Wie digitale Werkzeuge dein Lernen optimieren können

Die digitalen Kompetenzen der zukünftigen Mitarbeiterinnen und Mitarbeiter zu stärken ist zweifelsohne ein wichtiger Aspekt, der es erforderlich macht, digitale Lern-, Kommunikations- und Kollaborationstools sowie Präsentations- und Organisationstools stärker in den Lern- und Arbeitsalltag zu integrieren. 

Digitale Werkzeuge anzuwenden hat jedoch noch einen anderen alles entscheidenden Vorteil: Sie können dich auf eine besondere Weise für das Lernen motivieren, die dazu führt, dass du das Erlernte länger behalten kannst. Wenn dies dein Ziel ist, muss der Anstoß zum Lernen nämlich von Innen, d. h. aus dir selbst heraus erfolgen. Diese intrinsische Motivation ist es, die dazu führt, dass du dein Wissen länger behalten kannst.

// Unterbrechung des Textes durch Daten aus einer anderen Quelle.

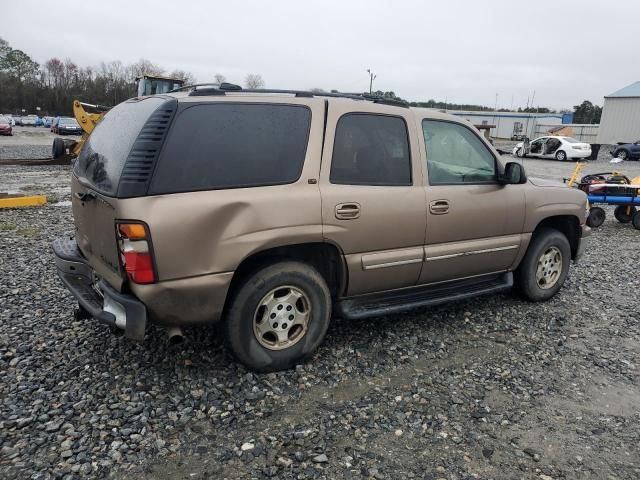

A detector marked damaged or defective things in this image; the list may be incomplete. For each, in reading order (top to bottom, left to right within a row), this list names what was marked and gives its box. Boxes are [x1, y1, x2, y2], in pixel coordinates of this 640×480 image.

damaged rear bumper [52, 237, 147, 342]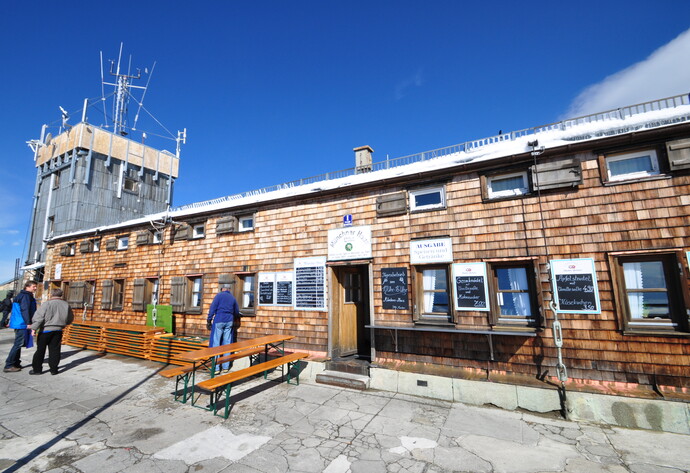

Behalten allein heißt nicht, dass du es auch automatisch richtig anwenden kannst – hierzu ist ein situationsabhängiges Integrieren des Wissens im Rahmen deines Handelns nötig – aber zumindest hast du die Möglichkeit, in Handlungssituationen auf weitaus mehr Wissen zurückzugreifen, als im Falle bloßer zielorientierter, extrinsischer Motivation. Lustloses Lernen, das einzig und allein mit Blick auf deine Noten abschlussorientiert ist, kann zwar für den Moment genauso erfolgreich sein wie begeistertes Lernen, kostet aber im Zeitverlauf ungleich mehr, da es nach dem Vergessen erneut gelernt werden muss.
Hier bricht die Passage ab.